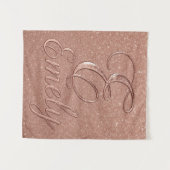 Personalisierte Rose Gold Glitzer Name Design - Ei Wandteppich (Vorderseite (Horizontal))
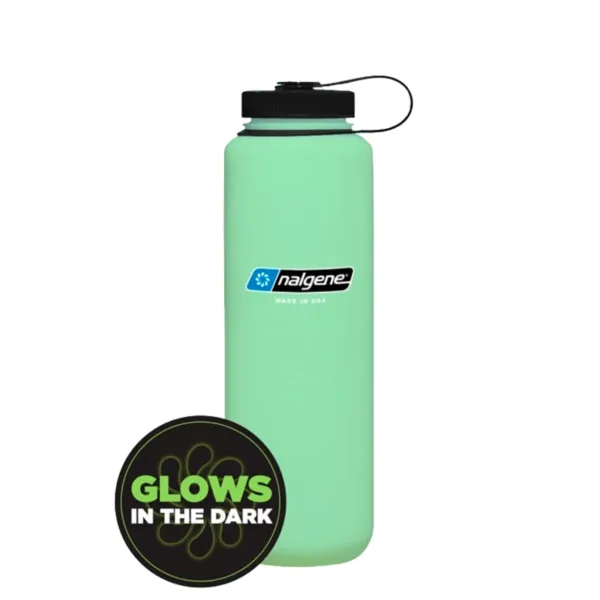 Botella Reutilizable Boca Ancha 1400ml (Glow Green) - NALGENE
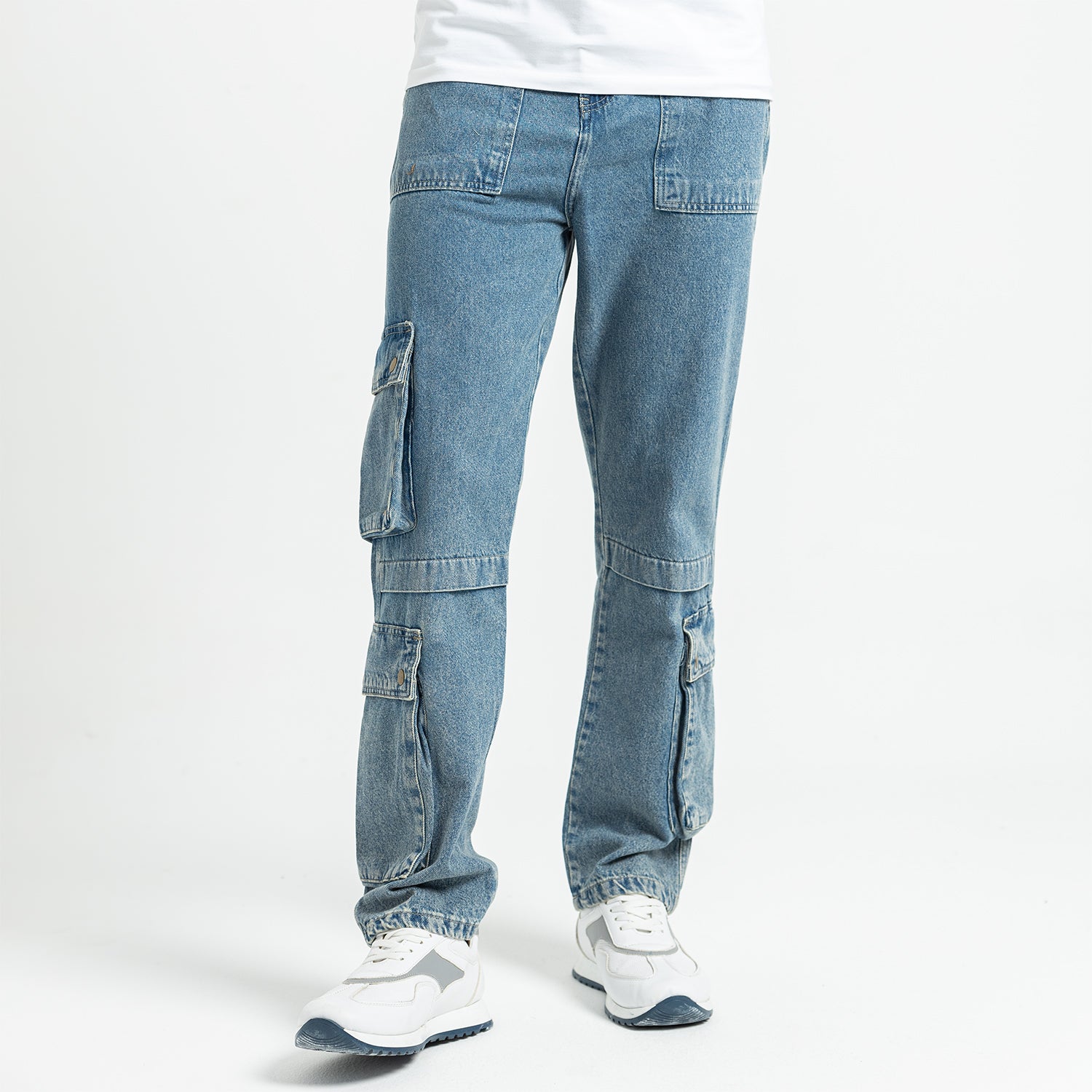 Jeans Wide Leg Cut & Saw-JN-578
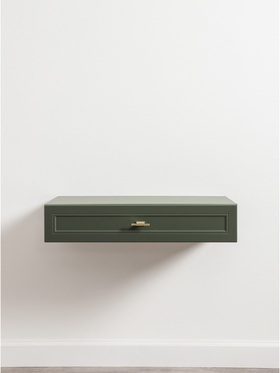 Стол - консоль «Марион 12.318», 700×369×138 мм, цвет дымчатый зеленый / олива шагрень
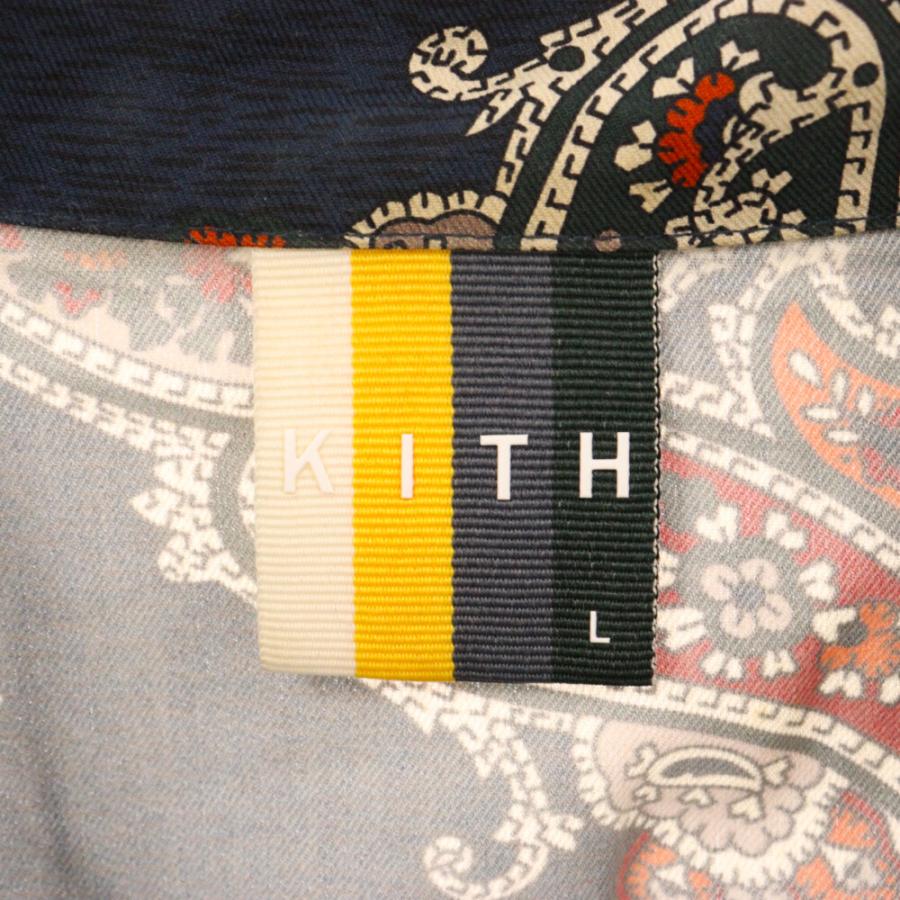 KITH キス 21SS L/S Thompson Printed Camp Collar Silk Cotton Shirt 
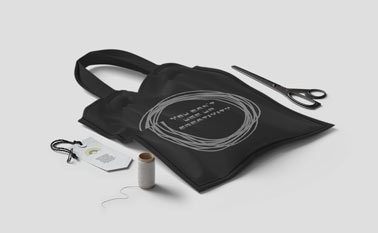 Tote Bag with Sewing Supplies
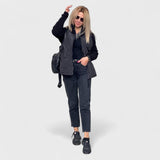 Nora - Geacă din tricot patchwork pentru femei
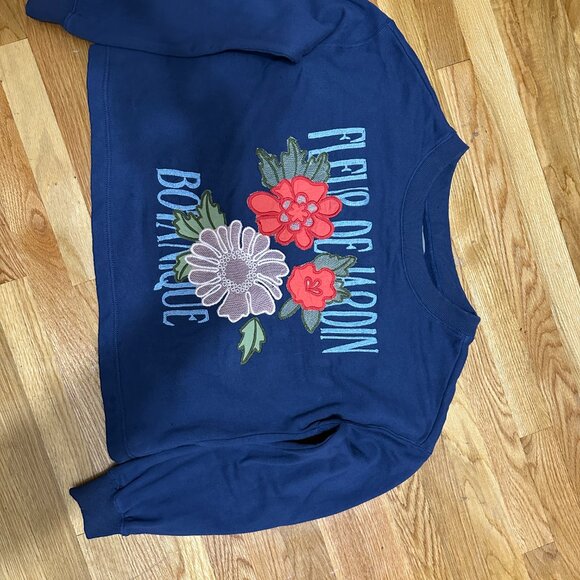 By Anthropologie Appliqué Pullover Sweater - Picture 4 of 9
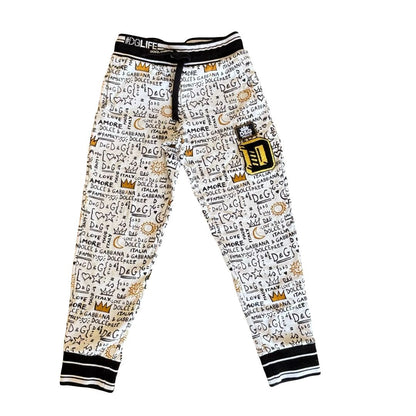 Dolce & Gabbana graffiti print sweat set, 9-10 years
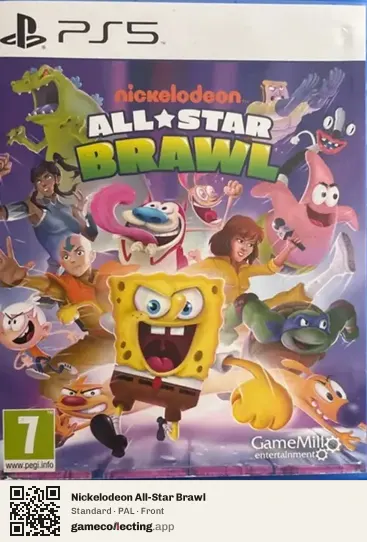 Nickelodeon All-Star Brawl PlayStation 5, PAL box front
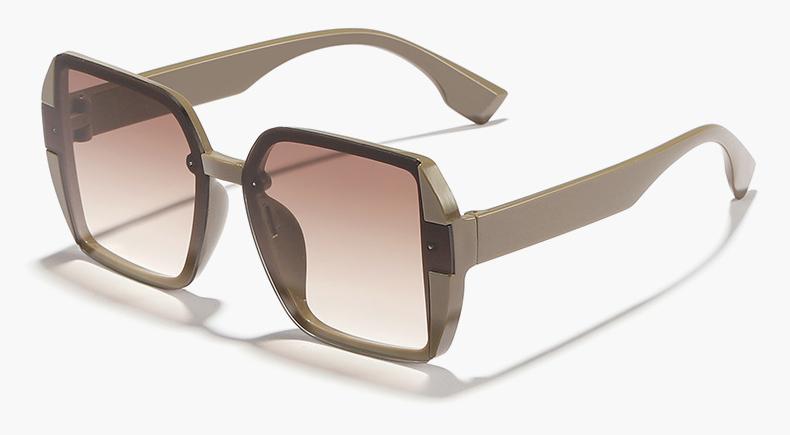 Fashion Designer Square Sunglasses Woman Retro Vintage Gradient Sun Glasses Female Clear Lens Black White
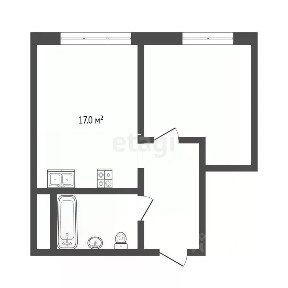Продается 1-комн. квартира, 35,3 м²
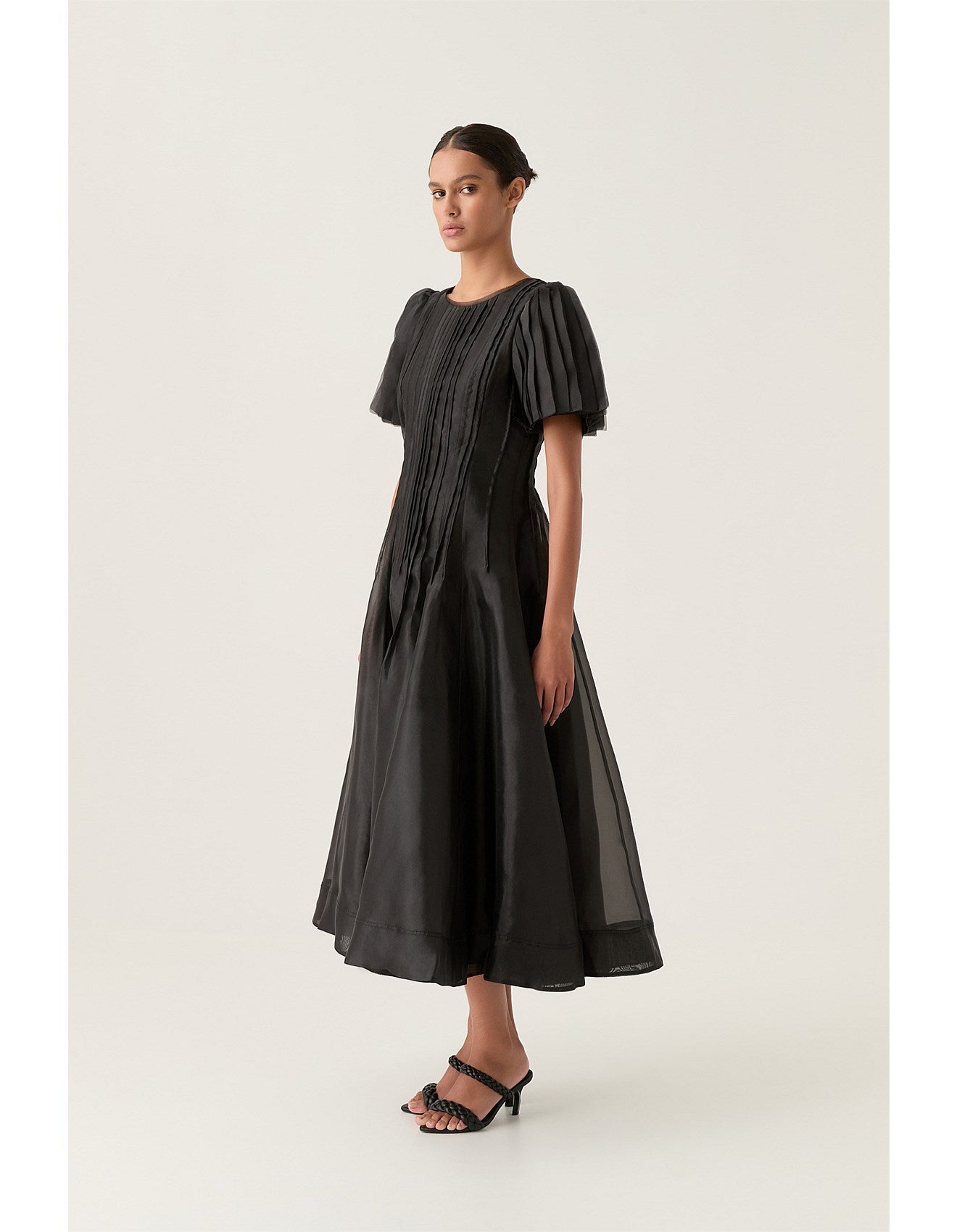 AJE - Nova Pleated Midi Dress (AU 14)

→ Aim of the task
Output an exact copy of the lines from the one with "Jeans Wide Leg Cut & Saw-JN-578" through the closing line of the records, inclusive, without any images.

→ Response
 Jeans Wide Leg Cut & Saw-JN-578
 Стол - консоль «Марион 12.318», 700×369×138 мм, цвет дымчатый зеленый / олива шагрень
 KITH キス 21SS L/S Thompson Printed Camp Collar Silk Cotton Shirt 
 Tote Bag with Sewing Supplies
 Nora - Geacă din tricot patchwork pentru femei
 By Anthropologie Appliqué Pullover Sweater - Picture 4 of 9
 Dolce & Gabbana graffiti print sweat set, 9-10 years
 Nickelodeon All-Star Brawl PlayStation 5, PAL box front
 Fashion Designer Square Sunglasses Woman Retro Vintage Gradient Sun Glasses Female Clear Lens Black White
Продается 1-комн. квартира, 35,3 м²
 AJE - Nova Pleated Midi Dress (AU 14)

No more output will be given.